● WHAT YOU HAVE TO DO
Could every line of the data be copied out once more, exactly?
____
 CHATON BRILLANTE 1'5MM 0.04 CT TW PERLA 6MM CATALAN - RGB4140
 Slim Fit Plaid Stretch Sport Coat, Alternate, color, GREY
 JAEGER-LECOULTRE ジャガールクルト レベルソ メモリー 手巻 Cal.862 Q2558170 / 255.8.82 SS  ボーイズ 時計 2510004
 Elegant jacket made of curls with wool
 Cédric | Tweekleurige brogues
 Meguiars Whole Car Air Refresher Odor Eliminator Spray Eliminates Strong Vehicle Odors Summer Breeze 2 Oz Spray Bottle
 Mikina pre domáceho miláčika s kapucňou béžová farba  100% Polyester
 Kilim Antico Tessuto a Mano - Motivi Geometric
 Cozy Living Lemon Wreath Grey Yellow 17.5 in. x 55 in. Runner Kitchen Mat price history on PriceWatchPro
____
● ANSWER AREA
 CHATON BRILLANTE 1'5MM 0.04 CT TW PERLA 6MM CATALAN - RGB4140
 Slim Fit Plaid Stretch Sport Coat, Alternate, color, GREY
 JAEGER-LECOULTRE ジャガールクルト レベルソ メモリー 手巻 Cal.862 Q2558170 / 255.8.82 SS  ボーイズ 時計 2510004
 Elegant jacket made of curls with wool
 Cédric | Tweekleurige brogues
 Meguiars Whole Car Air Refresher Odor Eliminator Spray Eliminates Strong Vehicle Odors Summer Breeze 2 Oz Spray Bottle
 Mikina pre domáceho miláčika s kapucňou béžová farba  100% Polyester
 Kilim Antico Tessuto a Mano - Motivi Geometric
 Cozy Living Lemon Wreath Grey Yellow 17.5 in. x 55 in. Runner Kitchen Mat price history on PriceWatchPro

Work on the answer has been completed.